20120904 AFP An ex-leader of Burundi's former rebel National Liberation Forces on Monday claimed responsibility for a weekend attack near the capital and announced the creation of a new FNL faction.
"We have decided to take up arms against the government under the new banner of FNL-Ubugabo burihabwa," Aloys Nzabampema, the group's "chief of staff", said in a statement.
His statement claimed responsibility for a Sunday evening attack on a military base on the outskirts of Bujumbura in which, he said, rockets were fired towards the airport.
Burundi army spokesman Gaspard Baratuza acknowledged an attack "far from the airport" but said it was done by a "group of bandits" who were quickly repelled.
A diplomatic source told AFP that the 300-500 fighters who have taken to the bush pose a threat to the country's stability and that "they may not worry Bujumbura, but they have the power to destabilise."
As the last active rebel group in Burundi, the FNL laid down its arms in April 2009 after a 2006 ceasefire agreement that ended 13 years of civil war in the tiny central African country.
The conflict, in which 300,000 lives are believed to have been lost, pitted Hutu rebels against an army that was then dominated by the Tutsi minority.
In 2010, former FNL leader Agathon Rwasa withdrew from the country's electoral process, disappeared and was soon followed by Nzabampema.

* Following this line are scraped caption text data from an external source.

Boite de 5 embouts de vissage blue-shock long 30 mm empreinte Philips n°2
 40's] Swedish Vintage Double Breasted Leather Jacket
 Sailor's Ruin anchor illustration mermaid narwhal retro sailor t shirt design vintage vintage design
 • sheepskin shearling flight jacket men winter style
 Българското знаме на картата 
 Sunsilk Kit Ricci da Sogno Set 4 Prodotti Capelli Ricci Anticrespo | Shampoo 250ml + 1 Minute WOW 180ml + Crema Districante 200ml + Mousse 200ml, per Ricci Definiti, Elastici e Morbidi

In Monday's statement, Nzabampema claimed he was taking up arms again because of "a policy of extermination of FNL members" by Bujumbura's CNDD-FDD regime, a former Hutu rebel group and now a political party, that has been in power since 2005.
Rights groups as well as the UN's Security Council have voiced concern over a series of "extra-judicial killings" in the country since 2010.
Observers have feared that Burundi could slide back into full-blown civil conflict.